**WORK ITEM:**
Everything from the line with "Ksntek ksn 55" down to the line with "Breeze (5902533929726) Дитячий" below must be printed exactly, those two lines included. Exclude pictures.

**AVAILABLE DATA:**
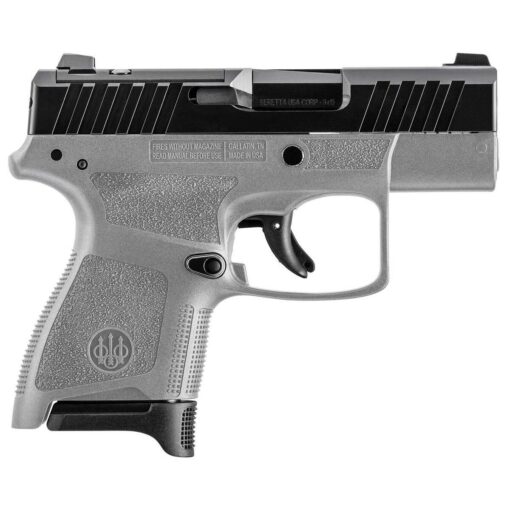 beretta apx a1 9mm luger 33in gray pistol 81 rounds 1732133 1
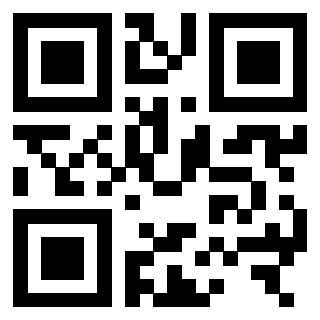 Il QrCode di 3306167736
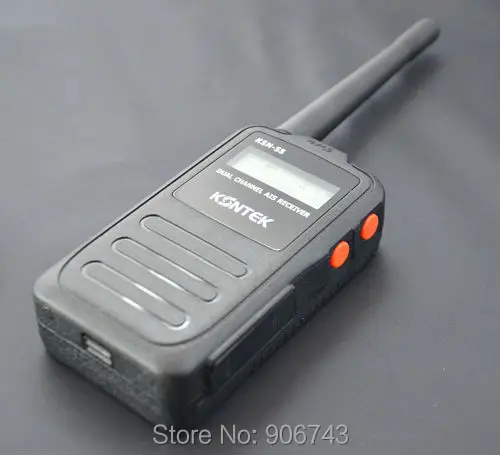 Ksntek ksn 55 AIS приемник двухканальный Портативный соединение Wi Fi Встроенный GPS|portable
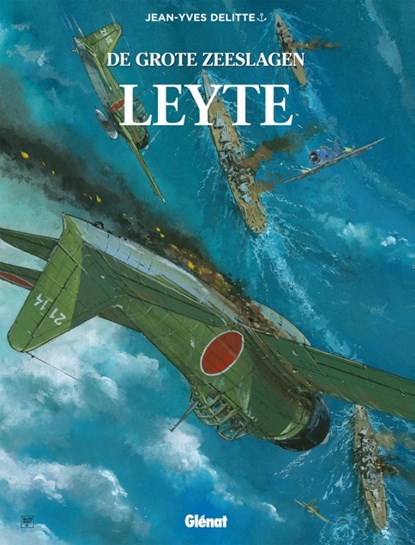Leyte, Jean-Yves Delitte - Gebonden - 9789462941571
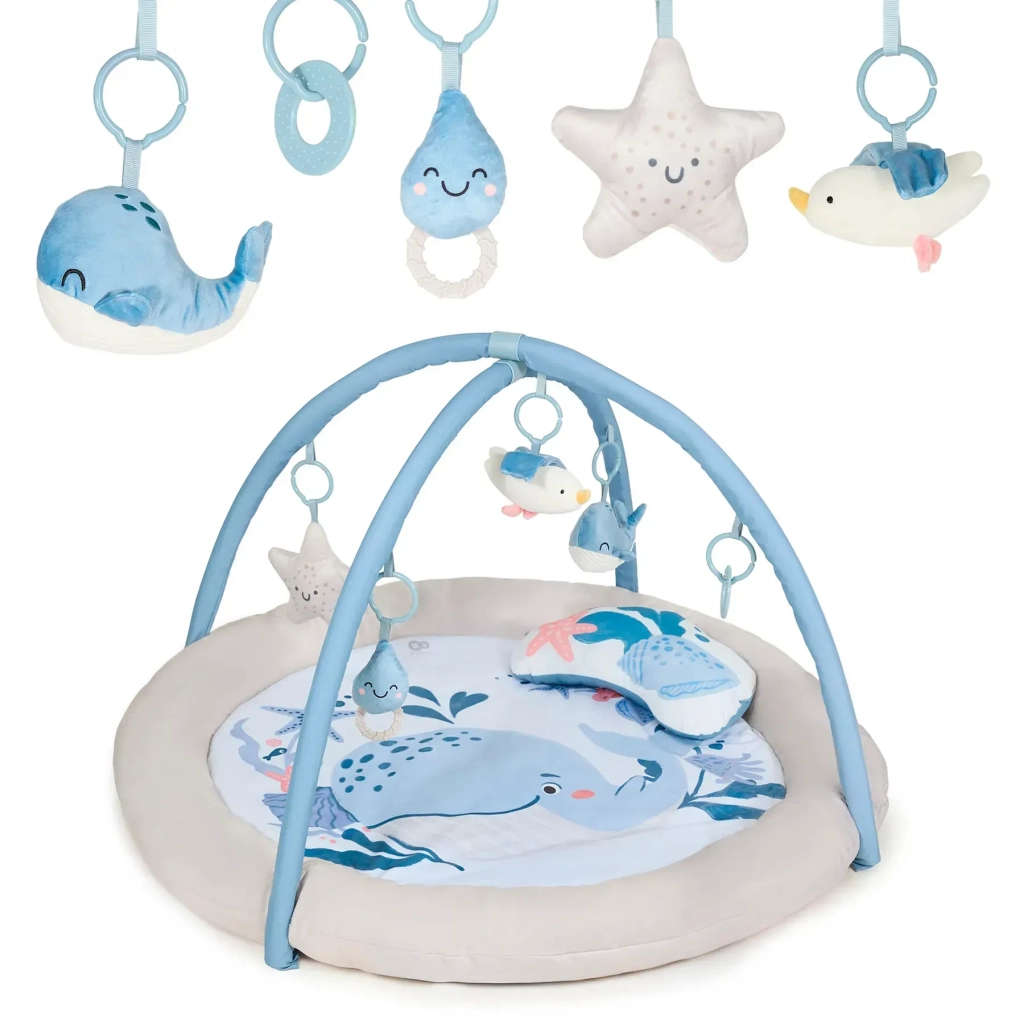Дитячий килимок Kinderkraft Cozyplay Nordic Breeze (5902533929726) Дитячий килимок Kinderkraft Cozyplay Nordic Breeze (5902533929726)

---

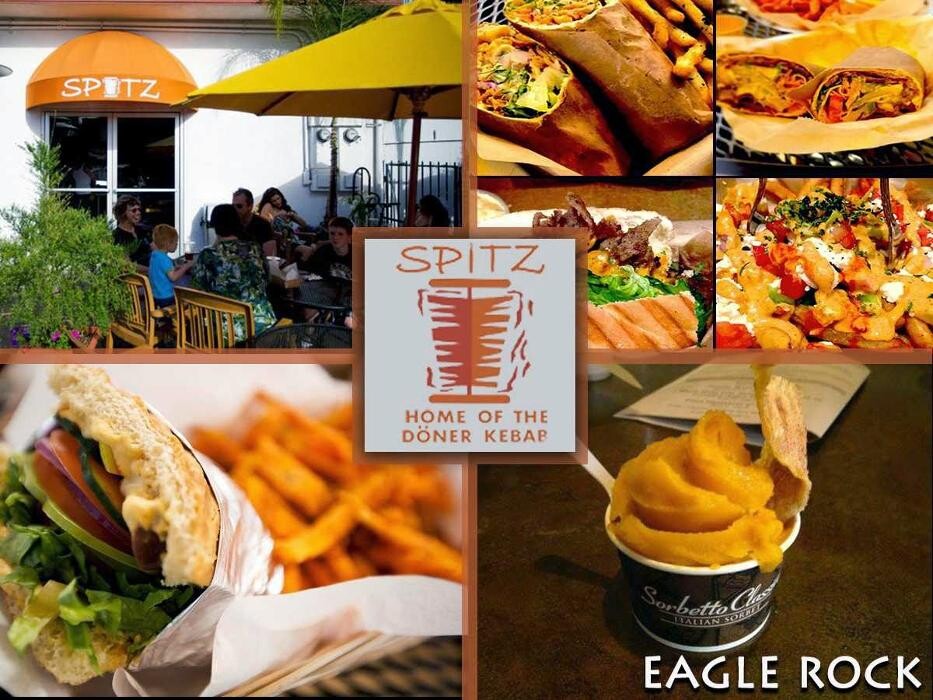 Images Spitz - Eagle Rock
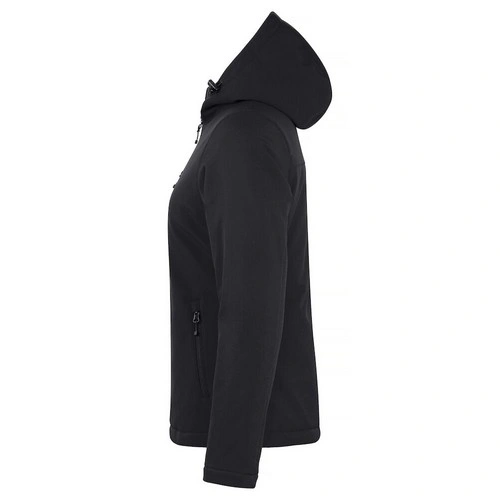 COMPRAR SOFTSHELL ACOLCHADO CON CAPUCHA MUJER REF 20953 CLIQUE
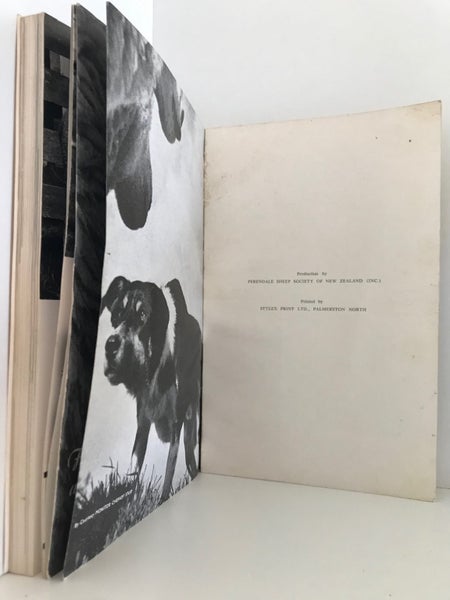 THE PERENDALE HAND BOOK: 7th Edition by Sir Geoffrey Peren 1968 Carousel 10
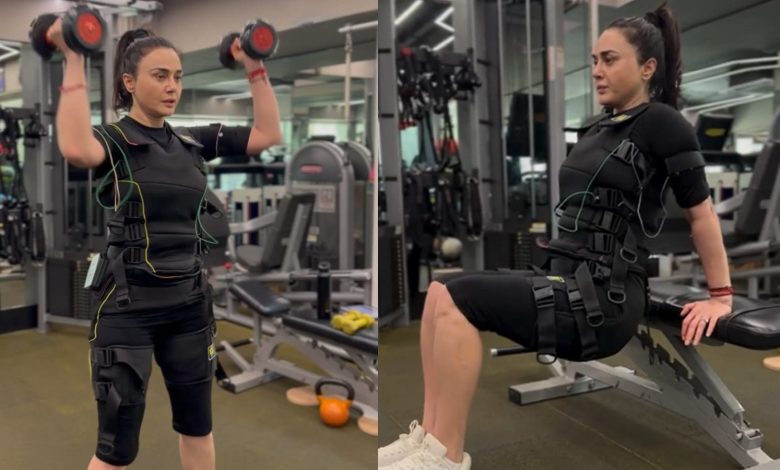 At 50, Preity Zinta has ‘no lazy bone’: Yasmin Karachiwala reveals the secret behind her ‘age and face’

* * *

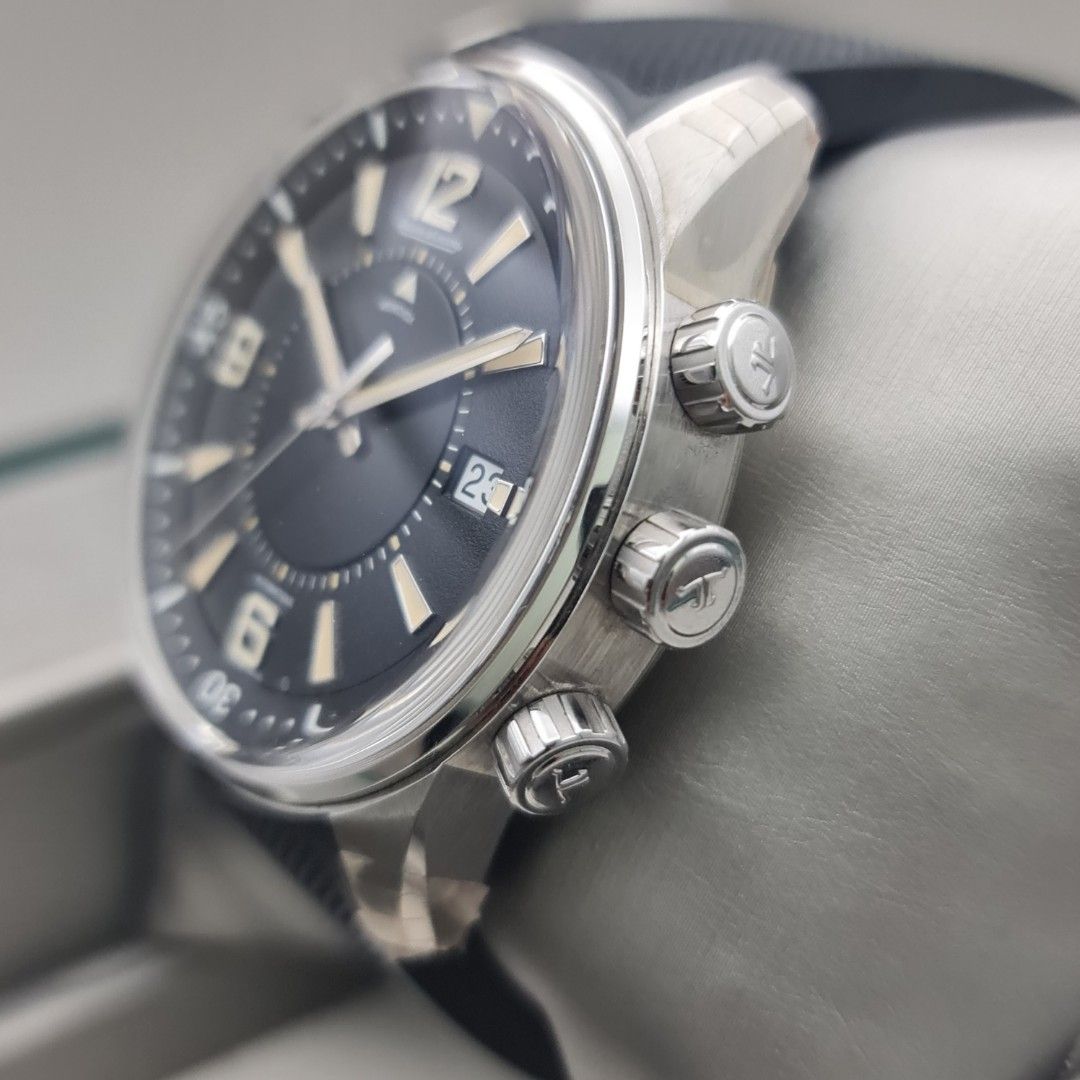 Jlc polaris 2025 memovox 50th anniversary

**OUTPUT FOR THIS EXERCISE:**
 Ksntek ksn 55 AIS приемник двухканальный Портативный соединение Wi Fi Встроенный GPS|portable
Leyte, Jean-Yves Delitte - Gebonden - 9789462941571
Дитячий килимок Kinderkraft Cozyplay Nordic Breeze (5902533929726) Дитячий килимок Kinderkraft Cozyplay Nordic Breeze (5902533929726)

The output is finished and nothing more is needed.